McLaren's upgrade plan (so far)
Stella is adamant McLaren understands the cause of its struggles and indicated in Jeddah that it's related to the front of the car.
McLaren has an upgrade package slated for “around race six or seven” that will tackle the persistent weakness in long, low-speed corners.
A new front wing will be a key part of this upgrade given the McLaren-Mercedes MCL38 features a design that is not substantially different to the one used in 2023.
Team principal Andrea Stella indicated that the upgrade package will likely appear either for the Miami Grand Prix in early May, or at Imola later that month – although he didn’t commit to an exact date.
The changes to the front wing and associated areas at the front of the car, which will also be sensitive to the ride-height of the car and the aerodynamic impact of the car with steering lock, are vital to making an improvement.
This is because of the need for the front of the car to work through a wide range of yaw angles, with it currently producing good downforce at lower angles in high-speed corners but struggling when the car is hitting the airflow at an increased angle.
Stella has characterised it as needing a car that's more aerodynamically robust across a wider range.
“We understand the root cause, but it’s taking a few weeks to deliver the projects that address that,” said Stella. “Definitely, some of these projects have to do with this area [the front] of the car [indicates the front]. It hasn’t been improved very much compared to last year, effectively.
“This [pointing roughly at the front wing] is the same as last year, so hopefully soon we will be able to deliver this new component.
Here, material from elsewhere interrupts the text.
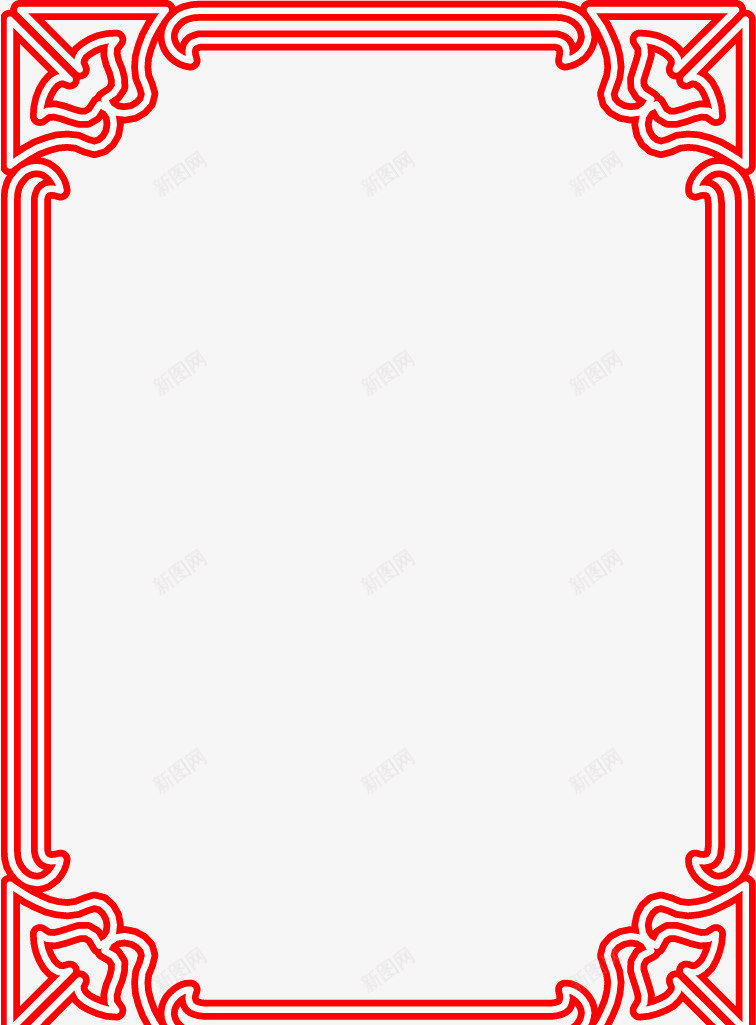 红色线条透明花纹边框png免抠素材_88icon https://88icon.com 红色 线条 花纹 边框 透明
I don't say which component.
“We see in development that this helps, we haven't delivered it trackside yet. If we didn't see this [progress] in the background in development, I would be concerned. We see the improvement, but we need to accelerate the process to deliver it trackside.”
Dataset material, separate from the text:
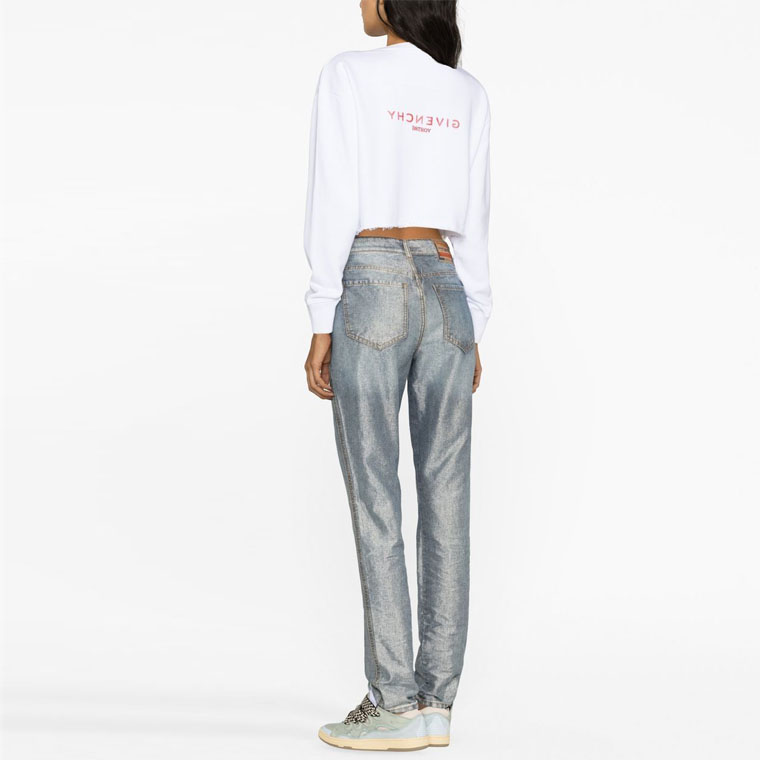 Shop (W) 지방시 SS23 컬러블록 로고 프린트 크롭 크루넥 스웻셔츠 여성 화이트. BWJ0203Y99-100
While Stella has said several times the objective is to improve the performance in the slower corners, he accepts it will take at least another year to eliminate it entirely and produce a true all-rounder.
He stresses the importance of working through this in particular for 2026 given McLaren can’t afford to carry these troubles into the new rules set when it aspires to be a world championship threat.
“It will improve the weaknesses somewhat, but more work is needed,” said Stella. "We have another couple of years of these regulations and it will be at least another one-year journey, I anticipate, in order to complete this exercise of resolving these balance issues.
“Hopefully this will make us very competitive in 2025, but I think more generally this exercise will be important to understand from a methodological point of view how you develop cars and from an objectives point of view, what do you have to chase so that you actually can prevent these kind of issues or weaknesses in 2026?
"So it is very worthwhile work that is happening at McLaren now and a short-term and long-term investment.”
In the short term, McLaren plans some minor tweaks in Australia this weekend and for the following race in Japan but both of these are characterised as minor and worth "milliseconds".